Mohammed was more successful on the second issue decided by the Supreme Court. He argued that his detention breached article 5 of the human rights convention, which is designed to prevent people being deprived of their liberty except in accordance with the rule of law.

Article 5 could permit peacekeepers to detain insurgents, the justices held. But the court was not persuaded that Mohammed’s detention was justified. That question would have to be tried on the evidence.

To avoid similar claims in the future, UK forces will have to devise procedures so that detainees held during what’s called a non-international armed conflict can challenge their continued detention before an independent military authority. But even if such a review had been available to Mohammed, his detention might still have been upheld. In that event, he would not be entitled to damages. So perhaps he may be willing to settle his claim if the MoD offers to introduce a suitable review mechanism for future conflicts.

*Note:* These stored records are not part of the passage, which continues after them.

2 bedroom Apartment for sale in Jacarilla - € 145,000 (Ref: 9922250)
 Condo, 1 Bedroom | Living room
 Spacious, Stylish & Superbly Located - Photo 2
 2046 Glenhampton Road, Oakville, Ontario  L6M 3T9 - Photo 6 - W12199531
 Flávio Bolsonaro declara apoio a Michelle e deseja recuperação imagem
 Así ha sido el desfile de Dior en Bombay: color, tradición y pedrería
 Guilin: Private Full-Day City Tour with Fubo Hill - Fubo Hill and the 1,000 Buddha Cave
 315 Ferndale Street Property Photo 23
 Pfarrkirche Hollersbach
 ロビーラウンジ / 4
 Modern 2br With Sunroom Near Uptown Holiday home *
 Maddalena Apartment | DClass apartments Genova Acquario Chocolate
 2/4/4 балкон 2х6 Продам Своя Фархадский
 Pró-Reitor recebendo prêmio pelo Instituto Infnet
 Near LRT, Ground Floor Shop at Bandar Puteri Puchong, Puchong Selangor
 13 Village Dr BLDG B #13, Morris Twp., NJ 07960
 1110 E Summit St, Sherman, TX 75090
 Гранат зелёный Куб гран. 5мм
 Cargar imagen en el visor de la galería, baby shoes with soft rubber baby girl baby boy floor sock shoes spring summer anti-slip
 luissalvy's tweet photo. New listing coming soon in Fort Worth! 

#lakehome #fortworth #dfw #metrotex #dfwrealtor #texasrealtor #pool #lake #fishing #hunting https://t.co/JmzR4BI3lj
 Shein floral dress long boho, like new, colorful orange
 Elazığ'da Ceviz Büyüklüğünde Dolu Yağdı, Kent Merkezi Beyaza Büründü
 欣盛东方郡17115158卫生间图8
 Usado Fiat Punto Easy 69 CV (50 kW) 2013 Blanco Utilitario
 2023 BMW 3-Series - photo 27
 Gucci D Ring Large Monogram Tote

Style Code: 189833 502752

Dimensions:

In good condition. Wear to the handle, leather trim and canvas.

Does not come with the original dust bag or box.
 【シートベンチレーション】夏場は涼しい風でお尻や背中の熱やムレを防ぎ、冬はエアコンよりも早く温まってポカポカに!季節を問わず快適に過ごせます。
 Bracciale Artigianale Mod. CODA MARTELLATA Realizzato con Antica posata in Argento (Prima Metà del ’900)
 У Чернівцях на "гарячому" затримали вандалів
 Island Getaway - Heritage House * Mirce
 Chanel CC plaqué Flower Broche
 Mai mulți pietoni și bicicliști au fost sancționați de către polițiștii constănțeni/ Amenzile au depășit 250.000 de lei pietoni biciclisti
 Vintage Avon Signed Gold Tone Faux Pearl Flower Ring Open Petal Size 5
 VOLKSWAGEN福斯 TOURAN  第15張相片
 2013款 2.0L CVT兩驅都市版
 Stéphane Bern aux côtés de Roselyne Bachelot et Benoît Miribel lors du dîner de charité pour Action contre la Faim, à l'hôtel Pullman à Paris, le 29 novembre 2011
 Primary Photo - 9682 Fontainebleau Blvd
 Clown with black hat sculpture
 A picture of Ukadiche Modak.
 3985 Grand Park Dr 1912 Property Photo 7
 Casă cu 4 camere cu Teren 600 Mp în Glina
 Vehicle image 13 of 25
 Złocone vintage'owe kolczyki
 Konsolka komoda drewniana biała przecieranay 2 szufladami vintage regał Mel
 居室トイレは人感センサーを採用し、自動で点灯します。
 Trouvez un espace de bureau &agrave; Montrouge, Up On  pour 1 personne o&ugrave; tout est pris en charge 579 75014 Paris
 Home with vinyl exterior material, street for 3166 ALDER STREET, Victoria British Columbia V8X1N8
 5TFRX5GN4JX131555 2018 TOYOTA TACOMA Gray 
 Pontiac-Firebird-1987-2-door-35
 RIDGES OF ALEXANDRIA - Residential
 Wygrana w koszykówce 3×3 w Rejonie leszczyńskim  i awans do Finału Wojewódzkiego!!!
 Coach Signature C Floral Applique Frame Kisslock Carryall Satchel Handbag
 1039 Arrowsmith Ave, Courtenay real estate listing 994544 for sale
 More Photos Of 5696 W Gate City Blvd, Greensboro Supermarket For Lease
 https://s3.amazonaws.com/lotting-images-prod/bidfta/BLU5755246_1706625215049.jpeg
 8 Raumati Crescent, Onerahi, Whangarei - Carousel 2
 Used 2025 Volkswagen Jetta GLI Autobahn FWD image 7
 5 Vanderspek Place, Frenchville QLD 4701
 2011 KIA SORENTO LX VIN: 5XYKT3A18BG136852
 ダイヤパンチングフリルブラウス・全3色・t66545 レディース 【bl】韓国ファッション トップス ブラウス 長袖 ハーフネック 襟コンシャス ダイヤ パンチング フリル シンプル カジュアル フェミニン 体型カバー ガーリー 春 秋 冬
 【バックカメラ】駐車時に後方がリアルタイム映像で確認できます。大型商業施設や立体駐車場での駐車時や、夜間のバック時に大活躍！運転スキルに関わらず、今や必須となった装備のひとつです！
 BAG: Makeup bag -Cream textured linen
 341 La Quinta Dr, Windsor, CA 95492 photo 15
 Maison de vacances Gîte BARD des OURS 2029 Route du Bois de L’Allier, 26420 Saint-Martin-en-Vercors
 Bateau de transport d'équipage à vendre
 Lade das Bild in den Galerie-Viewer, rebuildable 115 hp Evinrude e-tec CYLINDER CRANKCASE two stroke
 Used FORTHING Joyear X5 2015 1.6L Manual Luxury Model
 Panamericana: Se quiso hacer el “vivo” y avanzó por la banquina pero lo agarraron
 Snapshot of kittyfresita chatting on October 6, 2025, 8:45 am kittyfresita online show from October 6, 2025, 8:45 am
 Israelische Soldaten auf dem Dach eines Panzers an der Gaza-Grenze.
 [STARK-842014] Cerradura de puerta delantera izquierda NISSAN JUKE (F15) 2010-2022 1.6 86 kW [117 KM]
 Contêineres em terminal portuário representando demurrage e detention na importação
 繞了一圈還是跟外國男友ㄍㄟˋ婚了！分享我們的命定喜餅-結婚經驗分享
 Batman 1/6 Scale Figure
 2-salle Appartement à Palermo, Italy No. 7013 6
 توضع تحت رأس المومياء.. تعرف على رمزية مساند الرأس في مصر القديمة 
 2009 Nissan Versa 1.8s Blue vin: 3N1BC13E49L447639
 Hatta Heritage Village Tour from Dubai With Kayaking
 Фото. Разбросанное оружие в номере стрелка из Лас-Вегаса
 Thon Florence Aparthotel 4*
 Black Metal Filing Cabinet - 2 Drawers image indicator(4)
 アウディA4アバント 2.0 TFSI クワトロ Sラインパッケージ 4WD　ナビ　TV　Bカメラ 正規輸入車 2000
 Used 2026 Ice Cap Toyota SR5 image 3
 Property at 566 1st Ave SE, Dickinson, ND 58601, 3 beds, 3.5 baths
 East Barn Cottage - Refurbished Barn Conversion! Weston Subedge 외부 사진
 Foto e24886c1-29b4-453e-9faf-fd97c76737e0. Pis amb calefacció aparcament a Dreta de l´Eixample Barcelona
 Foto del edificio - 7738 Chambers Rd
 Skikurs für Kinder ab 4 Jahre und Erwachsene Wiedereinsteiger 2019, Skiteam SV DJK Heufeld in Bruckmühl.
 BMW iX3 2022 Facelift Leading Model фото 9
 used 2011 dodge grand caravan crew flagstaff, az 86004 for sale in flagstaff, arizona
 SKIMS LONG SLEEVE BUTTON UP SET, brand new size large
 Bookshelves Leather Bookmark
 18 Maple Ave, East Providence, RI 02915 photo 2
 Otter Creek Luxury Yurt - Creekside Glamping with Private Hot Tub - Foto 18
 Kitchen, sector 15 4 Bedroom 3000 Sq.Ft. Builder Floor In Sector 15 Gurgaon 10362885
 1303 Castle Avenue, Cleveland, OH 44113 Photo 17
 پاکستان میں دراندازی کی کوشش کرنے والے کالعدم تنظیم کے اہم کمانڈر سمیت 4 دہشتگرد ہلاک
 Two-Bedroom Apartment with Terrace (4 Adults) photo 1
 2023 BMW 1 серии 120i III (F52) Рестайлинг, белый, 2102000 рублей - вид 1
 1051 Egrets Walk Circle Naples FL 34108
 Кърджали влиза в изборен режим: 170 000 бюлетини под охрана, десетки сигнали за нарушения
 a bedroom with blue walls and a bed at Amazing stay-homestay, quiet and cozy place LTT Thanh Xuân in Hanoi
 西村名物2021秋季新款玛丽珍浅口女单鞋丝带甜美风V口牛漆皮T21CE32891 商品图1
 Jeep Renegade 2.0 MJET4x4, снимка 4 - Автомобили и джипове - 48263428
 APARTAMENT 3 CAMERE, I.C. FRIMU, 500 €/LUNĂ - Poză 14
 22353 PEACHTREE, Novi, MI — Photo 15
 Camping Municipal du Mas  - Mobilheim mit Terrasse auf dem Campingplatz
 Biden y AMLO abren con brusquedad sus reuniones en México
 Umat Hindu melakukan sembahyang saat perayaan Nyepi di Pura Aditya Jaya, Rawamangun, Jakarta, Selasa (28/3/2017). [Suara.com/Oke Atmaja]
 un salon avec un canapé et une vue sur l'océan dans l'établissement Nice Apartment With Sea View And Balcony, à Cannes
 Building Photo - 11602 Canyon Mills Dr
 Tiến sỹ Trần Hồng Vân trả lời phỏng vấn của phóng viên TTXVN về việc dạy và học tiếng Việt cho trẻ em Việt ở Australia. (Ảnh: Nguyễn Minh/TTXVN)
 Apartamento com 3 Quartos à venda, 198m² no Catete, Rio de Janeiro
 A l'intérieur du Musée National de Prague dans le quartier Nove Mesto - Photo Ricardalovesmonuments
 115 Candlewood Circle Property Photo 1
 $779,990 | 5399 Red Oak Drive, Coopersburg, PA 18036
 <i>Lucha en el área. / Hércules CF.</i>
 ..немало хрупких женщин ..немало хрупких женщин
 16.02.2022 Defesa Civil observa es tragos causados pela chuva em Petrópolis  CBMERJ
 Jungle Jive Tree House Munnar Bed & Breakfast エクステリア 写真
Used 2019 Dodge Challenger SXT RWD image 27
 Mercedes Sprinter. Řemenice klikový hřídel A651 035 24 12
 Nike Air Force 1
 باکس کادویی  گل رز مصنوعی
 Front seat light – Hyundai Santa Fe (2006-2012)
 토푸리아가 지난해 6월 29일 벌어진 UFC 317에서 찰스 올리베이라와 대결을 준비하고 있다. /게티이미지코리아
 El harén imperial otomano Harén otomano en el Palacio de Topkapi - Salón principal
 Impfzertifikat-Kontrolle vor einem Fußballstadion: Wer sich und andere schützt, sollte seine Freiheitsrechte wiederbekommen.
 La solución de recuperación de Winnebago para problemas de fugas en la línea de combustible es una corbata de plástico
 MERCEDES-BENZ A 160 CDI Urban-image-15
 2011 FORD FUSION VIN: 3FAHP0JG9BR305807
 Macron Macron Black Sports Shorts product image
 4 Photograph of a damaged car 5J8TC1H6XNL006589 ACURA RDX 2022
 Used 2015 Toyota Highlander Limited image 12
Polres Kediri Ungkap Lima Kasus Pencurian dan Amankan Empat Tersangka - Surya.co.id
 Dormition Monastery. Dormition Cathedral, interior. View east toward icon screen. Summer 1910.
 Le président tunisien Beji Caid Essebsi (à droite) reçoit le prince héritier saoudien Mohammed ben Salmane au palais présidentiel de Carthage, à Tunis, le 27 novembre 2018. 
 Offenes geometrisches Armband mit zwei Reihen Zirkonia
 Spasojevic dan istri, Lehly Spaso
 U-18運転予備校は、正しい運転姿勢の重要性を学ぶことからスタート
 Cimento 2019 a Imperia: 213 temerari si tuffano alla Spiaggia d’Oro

The third judgment is the one that will worry the government the most. It was a victory for Abdul-Hakim Belhaj, a Libyan dissident who was abducted with his pregnant wife Fatima Boudchar in 2004 and sent back to face torture by Colonel Gaddafi’s regime. A separate claim by Rahmatullah was also allowed on similar grounds.

All the claimants had accused British officials of complicity in their unlawful detention and mistreatment by the US or its allies. The UK government relied on two related defences: state immunity and foreign act of state.

State immunity, in this case, means the immunity of the foreign government to legal action in the UK courts. That is not in doubt. But the UK argued that its own officials were also entitled to immunity in a case that turned on alleged breaches by foreign officials of their laws – in other words, where the foreign state would suffer damage to its reputation as the result of a hearing. That argument was rightly dismissed by the Supreme Court. Foreign states would not be affected in any legal sense by proceedings to which they were not a party, the court said.

Under the foreign act of state doctrine, the UK courts will not normally adjudicate on the lawfulness of sovereign acts taken by foreign states. But that did not help the UK authorities either. Lord Neuberger found that the rule was subject to exceptions on grounds of public policy. Lord Mance was admirably robust, pointing out that fundamental rights had been recognised since the days of Magna Carta and torture had ‘long been regarded as abhorrent by English law’.

Belhaj and his wife offered to settle for nominal damages and an apology from the government. But that would be seen as acceptance of his allegation that Sir Mark Allen, a senior MI6 officer, answerable to the then foreign secretary Jack Straw, had sent him back to Libya to face torture. And it would involve the intelligence service confirming an individual operation, something it goes to enormous lengths not to do. The alternative is a full hearing, perhaps behind partly closed doors, to establish the UK’s involvement in a human-rights abuse. So what is the betting on the government establishing a limited public inquiry instead?